Monday, January 23, 2012

#Never good enough

I hate how easy it is for me to feel inadequate.

I hate that I can lay in bed and cry for hours over something that meant nothing  obviously a little bit  a ginormous amount  nothing to me.

Not because I'm sad about it,

But because I feel like I'm not good enough.

Because I feel like I have nothing to offer.
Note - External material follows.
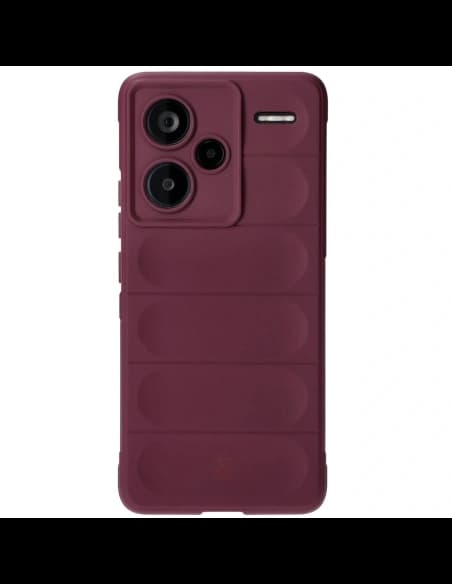 Pancéřové pouzdro Bizon Case Tur do Xiaomi Redmi Note 13 Pro+ 5G tmavě fialové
I spend my days comparing myself to the people around me, and knowing I won't ever be the smartest, or funniest, or prettiest, or skinniest, or the most talented, or the most politically aware, or the sweetest, or nicest, or cutest, or bravest, or gentlest, or the most committed, or the most accomplished.

Not the most anything, just somewhere in the middle, all the time.

It sucks to know you'll always be second best.

And it sucks even more feeling completely worthless.

I shouldn't depend on other people for validation.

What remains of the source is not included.